Friday, October 17, 2008


by A. Scott Loveless J.D., Ph.D

1. Men and women are different, and the union of a man and a woman is different than the union of two men or two women. Throughout history marriage has been defined as the union of a man and a woman for powerful reasons relating to the complementary differences between men and women. The differences combine to create a unique and essential social relationship. Marriage channels human sexuality into responsible and socially valuable functions, namely adult complementary sexual union that results in the procreation, nurturing, and training of the next generation. It gives couples and society a future. The combination of the opposite sexes creates a distinctive integrative union and social relationship. No two men together or two women together can do this. Just as the combination of the different chemical elements Na (sodium) + Cl (chlorine) together make salt, but Na + Na or Cl + Cl do not.
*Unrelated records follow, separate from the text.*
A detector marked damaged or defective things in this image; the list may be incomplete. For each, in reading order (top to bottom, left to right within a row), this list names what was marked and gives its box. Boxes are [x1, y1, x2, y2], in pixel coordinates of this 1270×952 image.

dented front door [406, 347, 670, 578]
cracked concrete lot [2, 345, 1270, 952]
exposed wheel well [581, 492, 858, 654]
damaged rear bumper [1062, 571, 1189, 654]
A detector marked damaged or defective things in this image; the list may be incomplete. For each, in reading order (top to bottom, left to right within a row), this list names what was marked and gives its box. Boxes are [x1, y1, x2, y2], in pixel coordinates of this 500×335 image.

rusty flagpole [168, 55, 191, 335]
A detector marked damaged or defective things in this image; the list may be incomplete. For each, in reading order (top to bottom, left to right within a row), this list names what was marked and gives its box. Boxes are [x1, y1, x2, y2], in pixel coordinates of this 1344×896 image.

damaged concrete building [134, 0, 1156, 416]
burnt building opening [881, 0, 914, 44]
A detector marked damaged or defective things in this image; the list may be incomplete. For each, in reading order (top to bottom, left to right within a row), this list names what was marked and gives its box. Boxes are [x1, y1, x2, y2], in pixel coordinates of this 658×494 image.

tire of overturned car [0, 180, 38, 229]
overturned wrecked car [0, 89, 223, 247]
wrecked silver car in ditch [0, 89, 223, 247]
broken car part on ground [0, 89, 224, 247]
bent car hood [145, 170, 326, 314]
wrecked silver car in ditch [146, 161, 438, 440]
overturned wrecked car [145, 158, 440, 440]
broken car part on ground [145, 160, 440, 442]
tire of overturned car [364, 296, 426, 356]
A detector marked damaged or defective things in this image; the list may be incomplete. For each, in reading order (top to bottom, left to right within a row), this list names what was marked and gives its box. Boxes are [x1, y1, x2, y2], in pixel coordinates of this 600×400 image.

2. Where same-sex marriage is legalized, tolerance is actually restricted, not expanded. The law categorizes and treats relationships in three ways: some are barred and prohibited; others are tolerated and permitted; and some others are preferred and privileged. Historically, same-sex relationships were prohibited, but in recent decades they have become tolerated and permitted in the United States and many other countries. But tolerance is quite different from preference. Conjugal marriage always has been the most preferred and privileged social relationship because it is the foundation of society. The claim for same-sex “marriage” abandons tolerance and seeks special preference; it actually removes the preferential treatment of conjugal marriage, rather than elevating same-sex couples. Where same-sex marriage is legalized, tolerance is restricted. Freedom of religion is undermined, and freedom of speech is curtailed. Children in public schools are taught not true tolerance but the moral relativism of equivalency, i.e. that different forms of human sexuality are no more than matters of personal preference. Disagreement with this “principle” is not tolerated.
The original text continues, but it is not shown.